L’entraînement au maniement de l’épée n’est cependant pas réservé aux seuls hommes dans Le Trône de Fer. Eddard Stark, seigneur de Winterfell, permet à sa fille Arya de s’entrainer à Port Réal10 avec Syrio Forel, éminent maître d’arme et première épée du seigneur de la mer de Braavos11. Il enseigne à Arya la danse de l’eau, sans armure, sans bouclier, avec une épée en bois remplie de plomb. Véritable art, la danse de l’eau est une forme raffinée d’escrime pratiquée dans les cités libres d’Essos. La lutte est concentrée sur la vitesse, l’équilibre et la grâce. Syrio Forrel apprend à Arya à se déplacer rapidement, à être perceptive, à penser comme un guerrier et à commander sa peur12. Arya apprend à voir avec ses oreilles, son nez, sa peau. Syrio lui couvre les yeux lui faisant faire des tours et des saltos arrière13. Naturellement douée, la petite fille est prédisposée à l’art de tuer. Dans la danse de l’eau, l’apprenti doit brandir son épée comme une extension du bras, ce qui nécessite des lames minces et pointues beaucoup plus légères que les longues épées des chevaliers et guerriers westerossiens. Arya apprend à maîtriser Aiguille. Détestant coudre, elle assimile par dérision l’aiguille de couture, symbole féminin, à l’épée fine et légère que Jon Snow lui offre14. Aiguille, comme le souligne la critique américaine Valerie Estelle Frankel, est une arme de femme. Plus encore, elle représente l’identité15 même d’Arya qui livre ainsi ses pensées quand elle doit renoncer à contrecœur à l’arme :
[…] Mais ce n’était pas qu’une épée. Aiguille était Robb et Bran et Rickon, elle était Père et Mère, elle était même Sansa. Aiguille était Winterfell et ses murailles grises et les rires de ses habitants. Aiguille était les neiges d’été, les histoires de Vieille Nan, l’arbre-cœur avec ses feuilles rouges et sa face angoissante, la chaude odeur d’humus des jardins de verre, le tapage du vent du nord s’acharnant contre les volets de sa chambre. Aiguille était le sourire de Jon Snow16.
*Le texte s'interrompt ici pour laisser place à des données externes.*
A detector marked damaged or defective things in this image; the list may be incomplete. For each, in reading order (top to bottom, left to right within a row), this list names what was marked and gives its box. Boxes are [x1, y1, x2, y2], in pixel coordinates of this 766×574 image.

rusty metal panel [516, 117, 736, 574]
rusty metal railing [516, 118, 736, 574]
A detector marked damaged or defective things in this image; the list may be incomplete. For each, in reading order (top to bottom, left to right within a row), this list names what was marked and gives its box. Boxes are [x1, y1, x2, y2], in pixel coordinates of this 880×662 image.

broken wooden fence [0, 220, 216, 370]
Danse et travail d’aiguille sont, selon Frankel la « parodie des activités féminines »17 :
Syrio remarquant qu’[Arya] est « maigre comme le fût d’une lance » signifie qu’elle est plus difficile à frapper. De même, le fait qu’[elle] soit gauchère (un autre signe de non-conformisme) est « bon » car il rendra ses ennemis « plus maladroit » (I. 224). Quand elle corrige son utilisation de « garçon » s’adressant à elle, il dit, « Garçon, fille… tu es une épée, c’est tout » (I. 224). Syrio est la première personne à rejeter son genre, considéré comme sans importance pour atteindre ses objectifs. Seule la formation compte18.
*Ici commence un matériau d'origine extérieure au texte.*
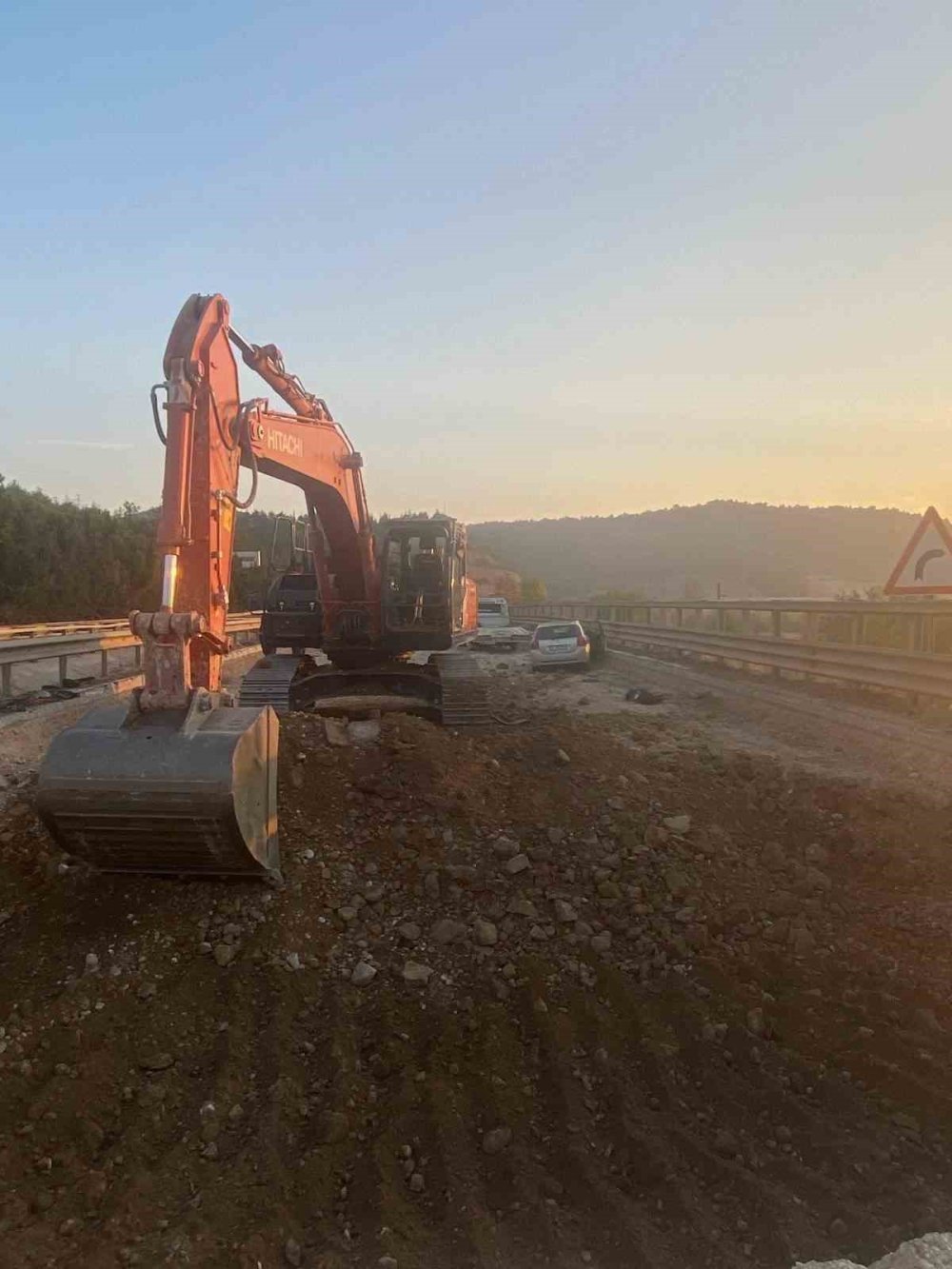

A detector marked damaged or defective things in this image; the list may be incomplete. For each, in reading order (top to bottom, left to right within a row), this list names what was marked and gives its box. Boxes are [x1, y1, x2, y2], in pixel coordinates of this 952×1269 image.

damaged road surface [1, 670, 952, 1264]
Tantôt symbole de vacuité, tantôt de continuité, la mise en scène pratique de combats singuliers, dans Le Trône de Fer, s’avère nécessaire à la construction psychologique des jeunes personnages. Jon Snow et Arya Stark, dont les armes représentent l’identité, se trouvent, très rapidement, projetés dans des péripéties ponctuées de combats réels, périlleux et décisifs. L’entraînement est sommaire, voire inutile, quand l’urgence est à la défense. Plus que le maniement des armes, la simulation d’un duel permet d’apprendre une discipline : la maîtrise et l’acceptation de soi, essentielles à la révélation de la destinée du héros.
Combat singulier divertissant
Un combat singulier peut avoir lieu dans le but de divertir un public, dans une mise en scène ludique. L’affrontement n’est cependant pas mimé cette fois. Deux types se distinguent. Les tournois, qui ne finissent pas nécessairement par la mort d’un combattant, et les arènes. Les tournois jouent, en effet, un rôle central dans Le Trône de Fer. Tropes médiévaux, ils participent à la construction de la culture du continent de Westeros, inspirée du Moyen Âge du nord-ouest de l’Europe. Les tournois, mentionnés dans la saga sont des événements sociaux importants et constituent l’arrière-plan de plusieurs intrigues. Les descriptions qu’en fait George R. R. Martin varient. La description est fragmentaire pour le Tournoi d’Harrenhal, où Rhaegar Targaryen, vainqueur de la compétition, choisit Lyanna Stark comme reine de l’amour et de la beauté19. Ce tournoi, véritable réécriture des codes courtois, est raconté par analepses narrées par différents personnages20. Pour le Tournoi de la Main, narré dans l’ordre chronologique, la description est détaillée21. Armoiries, armures et résultats sont fidèlement transmis. Comme au Moyen Âge, les tournois de Westeros varient en fonction de la région, des désirs du seigneur hôte et des règles conçues par le maître des jeux. De nombreuses formes de compétition sont connues, dont certaines impliquent un combat singulier.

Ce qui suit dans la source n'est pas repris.